If you are trying to visualize numerical data that range over several magnitudes, conventional wisdom says that a log transformation of the data can often result in a better visualization. This article shows several ways to create a scatter plot with logarithmic axes in SAS and discusses some of the advantages and disadvantages of using logarithmic transformations. It also discusses a common problem: How to transform data that range over several orders of magnitudes but that also contain zeros? (Recall that the logarithm of zero is undefined!)
Let's look at an example. My colleague, Chris Hemedinger, wrote a SAS program that collects data about comments on the blogs.sas.com Web site. For each comment, he recorded the name of the commenter and whether the comment was an original comment or a response to a previous comment. For example, "This is a great article. Thanks!" is classified as a comment, whereas "You're welcome. Glad you liked it!" is classified as a response. You can download the program that creates the data and the graphs in this article. I consider only commenters who have posted more than ten comments.

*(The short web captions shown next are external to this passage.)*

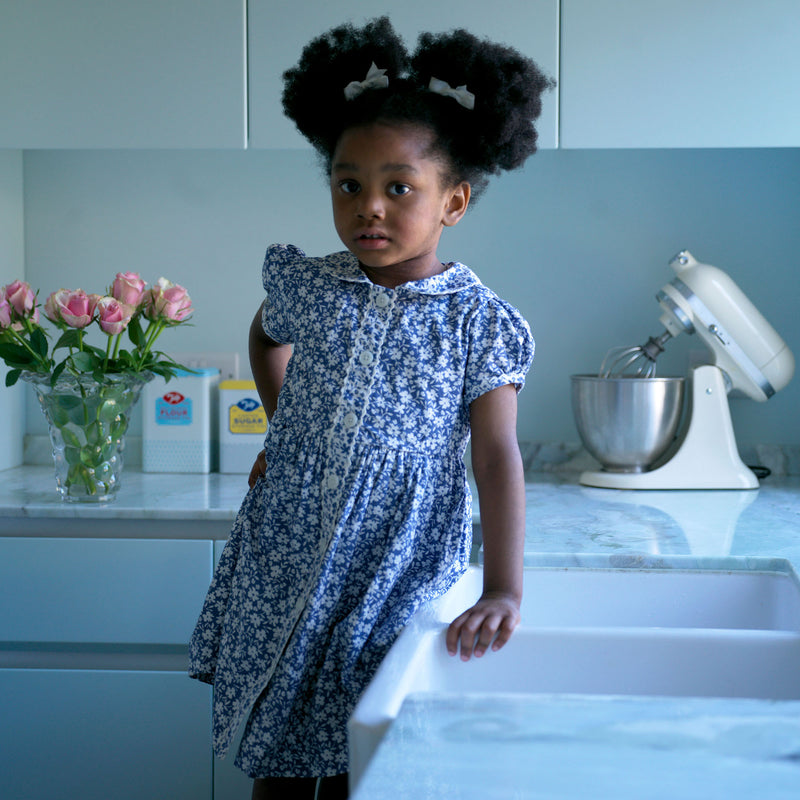 Blue Floral Button-Front Dress Rachel Riley US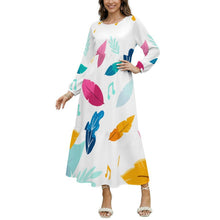 Lade das Bild in den Galerie-Viewer, Damen Maxikleid mit individuellem Druck – Babydoll-Schnitt mit Raglanärmeln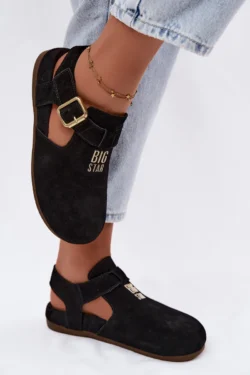 Moteriškos BIG STAR SHOES natūralios zomšos sandalai TT274544 juodi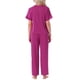 thumbnail image 3 of INSPIRAR CHIC Pijamas de Satén para Mujeres, Camisa de Manga Corta con Cuello en V y Pantalones Largos, Conjunto de Ropa de Casa Suave, S Color Rosa Fucsia, 3 of 6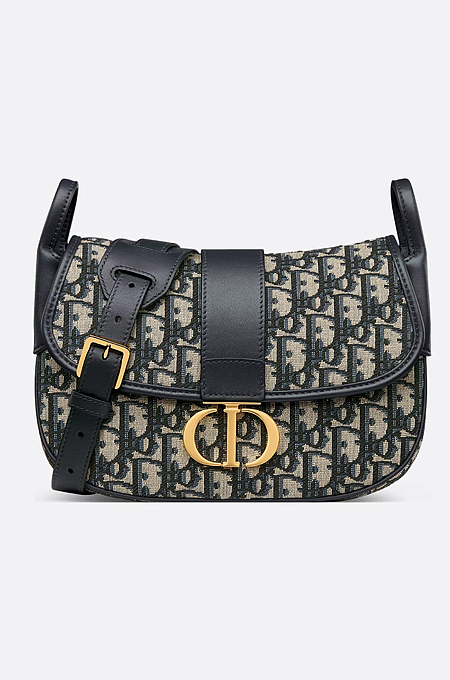 Dior 30 Montaigne Medium Satchel in Blue Dior Oblique Jacquard & Black Calfskin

The following call to the SGPLOT procedure create a scatter plot of these data:
title "Comments and Responses on blogs.sas.com"; proc sgplot data=Comments noautolegend; scatter x=Comment y=Response / datalabel=TruncName; lineparm x=0 y=0 slope=1; yaxis grid offsetmin=0.05; xaxis grid; run;
The scatter plot shows the number of comments and responses for 50 people. Those who have commented more than 30 times are labeled, and a line is drawn with unit slope. The line, which was drawn by using the LINEPARM statement, enables you to see who has initiated many comments and who has posted many responses. For example, Michelle and Tricia (lower right) often comment on blogs, but few of their comments are in response to others. In contrast, Sanjay and Robert are regular SAS bloggers and most of their remarks are responses to other people's comments. The big outlier is Chris, who has initiated almost 100 original comments while also posting more than 500 responses to comments on his popular blog.
The scatter plot is an excellent visualization of the data... provided that your goal is to highlight the people who post the most comments and classify them into "commenter" or "responder." The plot enables you to identify about a dozen of the 50 people in the data set. But what about the other nameless markers near the origin? You can see that there are many people who have posted between 10 and 30 comments, but the current plot makes it difficult to find out who they are. To visualize those observations (while not losing information about Chris and Michelle) requires some sort of transformation that distributes the data more uniformly within the plot.
The standard visualization technique to use in this situation is the logarithmic transformation of data. When you have data whose range spans several orders of magnitude, you should consider whether a log transform will enhance the visualization. A log transformation preserves the order of the observations while making outliers less extreme. (It also spreads out values that are in [0,1], but that doesn't apply for these data.) For these data, both the X and the X variables span two orders of magnitude, so let's try a log transform on both variables.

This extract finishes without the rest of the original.